More than a dozen US states require employers to share salary ranges, but these efforts haven’t yet closed the gender pay gap.

A sign that says 'Close The Pay Gap' is held by Nancy Reichman, a member of Colorado's Pay Equity Commission, during a rally in downtown Denver, CO on April 28, 2009. (Credit: Craig F. Walker/Getty Images)

12 min read

In 2007, Supreme Court Justice Ruth Bader Ginsburg wrote a blistering dissent in a Title VII case brought by Lilly Ledbetter, a former supervisor at a Goodyear Tire and Rubber plant who discovered she was paid less than male colleagues in equal or less senior positions, and sued for sex discrimination.
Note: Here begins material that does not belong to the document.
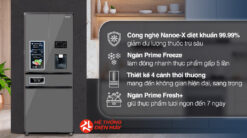 Alternative view of Tủ lạnh Panasonic Inverter 540 lít Multi Door PRIME+ Edition NR-YW590YMMV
The dissent touched upon the pervasive problem of secrecy that today’s pay transparency laws are trying to solve. “Pay disparities often occur, as they did in Ledbetter’s case, in small increments; cause to suspect that discrimination is at work develops only over time,” Ginsburg wrote. “Comparative pay information, moreover, is often hidden from the employee’s view. Employers may keep under wraps the pay differentials maintained among supervisors, no less the reasons for those differentials.”

By the time Colorado enacted a law requiring employers to share salary information with potential job seekers in 2019, policymakers had been wrestling with fair pay issues like this one for decades. At the federal level they sought to remedy them first with the Equal Pay Act of 1963, and later with the Lilly Ledbetter Fair Pay Act of 2009, which expanded the statute of limitations on discrimination claims like Ledbetter’s, removing a hurdle for employees bringing lawsuits.

Thanks to pay transparency laws that have been enacted in more than a dozen US states and Washington, DC, workers have access to much more information about how their employers pay, and why. But like the policies that came before them, these laws haven’t yet resulted in a meaningful narrowing of the gender pay gap—one key goal of the movement.

The goal. Though pay transparency can refer to a variety of different compensation practices, the term generally describes laws requiring employers to disclose a good-faith salary range for the jobs they advertise.

Advocates who supported pay transparency legislation believed “giving people information at the time of a new job search was really crucial,” said Helena Almeida, VP, managing counsel with ADP. “It’s harder to increase somebody’s salary while they’re in a particular role. So getting that information to people at the beginning of a new job was vital.”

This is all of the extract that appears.